What I really want to say, but might throw up myself, is you guys are the wind beneath my wings lately. Gag, retch! At the Georgetown U. graduation the other day I heard a great commencement speech by Ken Burns. He said he asked friends their advice when he first started getting invited to make such speeches, and one he tries to follow is, "Avoid cliches like the plague." I loved that. I often think in the worst cliches and despair at my highly unoriginal brain. But cliches became cliches for a reason, right? Sometimes it's hard to find a better but new substitute.
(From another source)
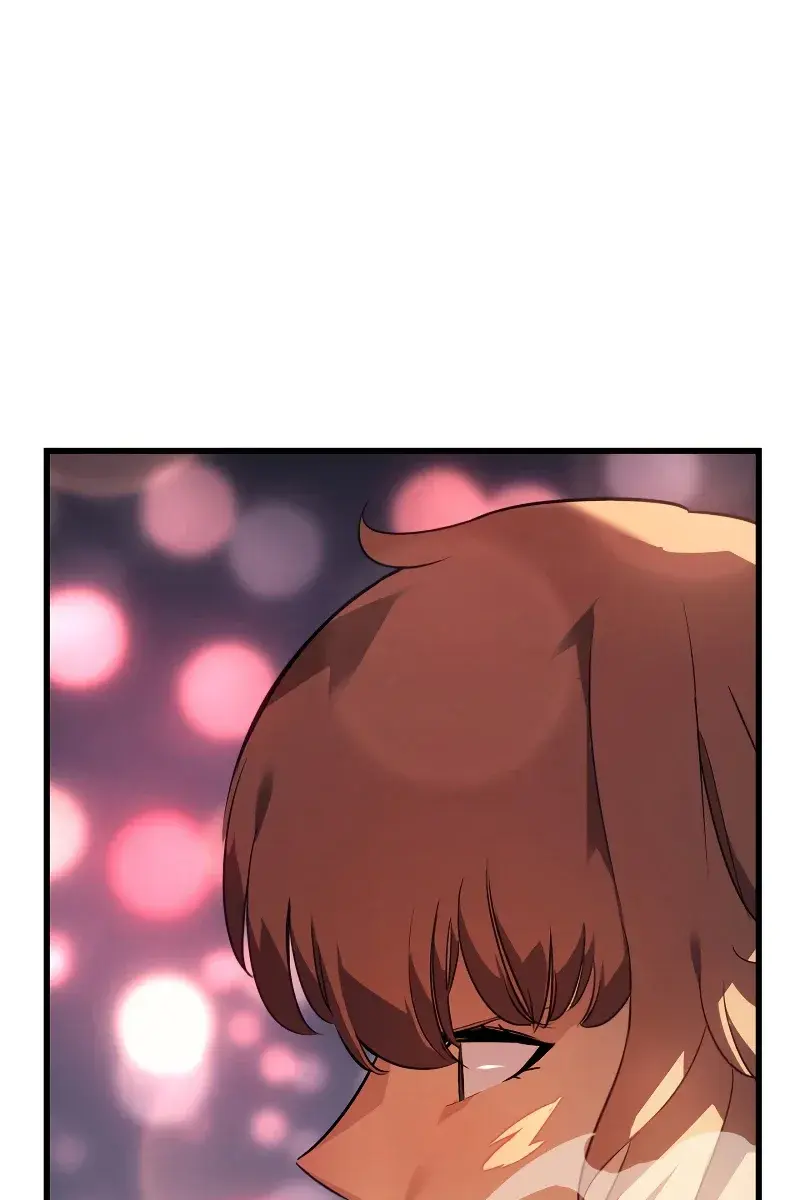 Solo Leveling Chapter 186 Page 107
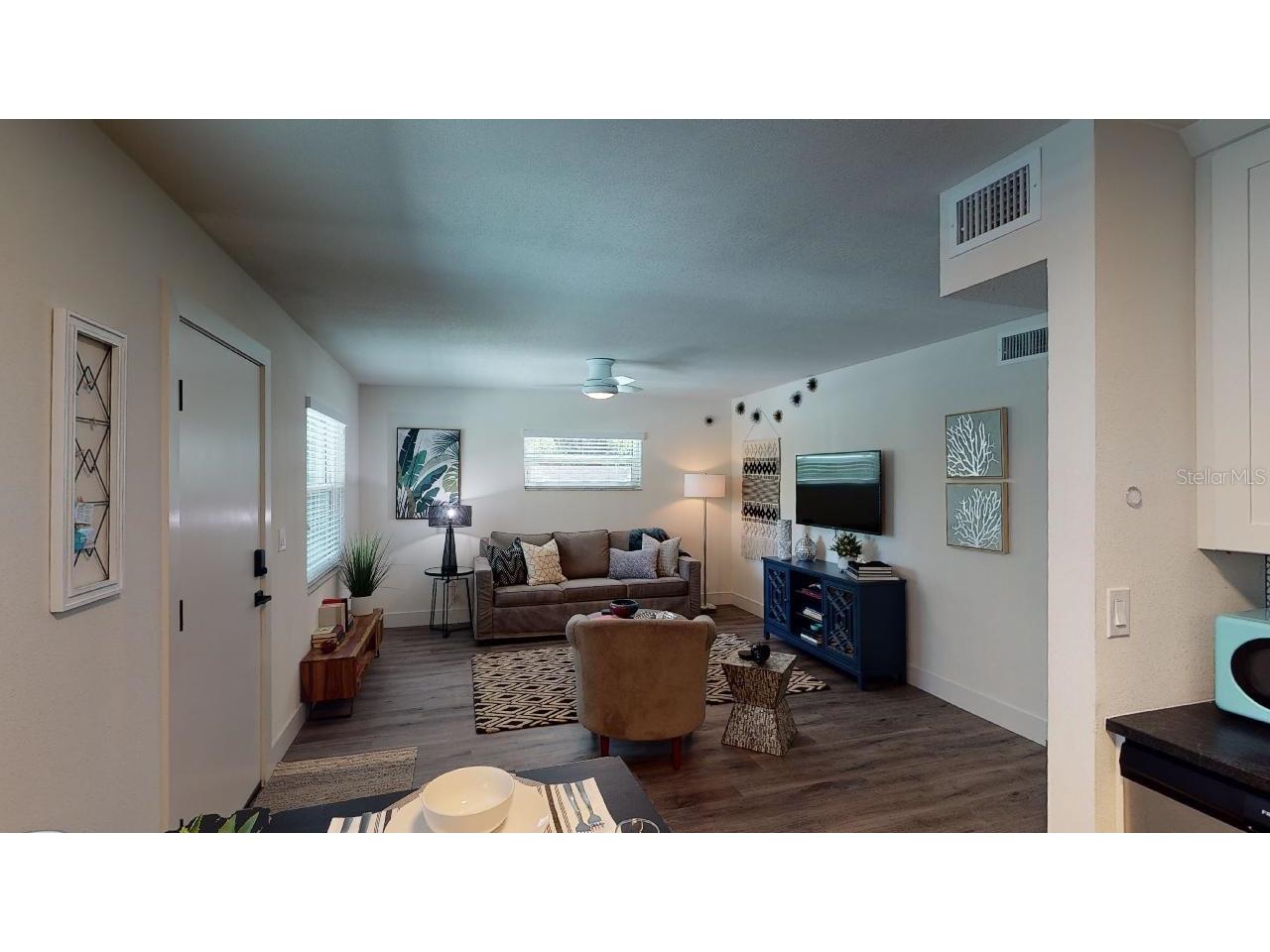 1910 Morrill Street #1 Sarasota FL 34236 A4673874 image52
Ergo, tripe like the above...heartfelt and sickening.

Friday, May 19, 2006

aMUSEme

Friday, May 19, 2006

So I went to a conference at the Mayflower Hotel in Washington, DC today called "Beyond Blogging" -- it was awesome. www.beyondblogging2006.com. I learned that the best way to understand blogs is to create one and use it. I'd been toying with the idea anyway, and want to explore it for the nonprofit organization I work for as well, so here goes:

I am Karen Bate, a P.R. manager in Arlington, VA; aspiring first-time novelist; and mother of three teenaged daughters whose cyberlives I barely comprehend. As one heads off to college in the fall, I must learn to IM as well, since my older (ha ha!) wiser friends tell me that's the only viable way to keep in touch with them once they leave this nest.

But I digress. I hope with this blog to find muses and musings from women of a certain age going through the same life transformation I am -- biologically pre, current or post menapausal, and psychologically either suffering, searching or already enjoying their new "seasoned" selves, as Gail Sheehy so wonderfully calls them. www.gailsheehy.com.

Do you ever feel like you want to jump out of your own skin? Do you wonder if, now that the kids are grown, the career is solid, and the marriage is either going strong, on autopilot or just plain over, this is all there is? Is there a second act? New challenges, new horizons? Or have you already discovered a new passion, a new love, a new life? And how do these changes affect the people around you, your husband, kids, friends, colleagues? What's it all about, Alfie??? And how can I get there without making a complete fool of myself, falling on my face and scandalizing the neighbors?

My novel -- so far nameless -- is about a 40-something mother of three (she does have a name, Liza) who works for a difficult, high-powered woman in DC and juggles the kids, a husband struggling with alcoholism, and her own sense that she's become unmoored. I've based her loosely on a close friend, but also include bits from my own ideas and experiences as well as many others. I think the most fun I've had is listening to -- and suddenly noticing more -- all the great quirks, opinions and takes on life my fabulous friends share with each other all the time. Please weigh in and join the fun. I'll steal your best ideas and take all the credit!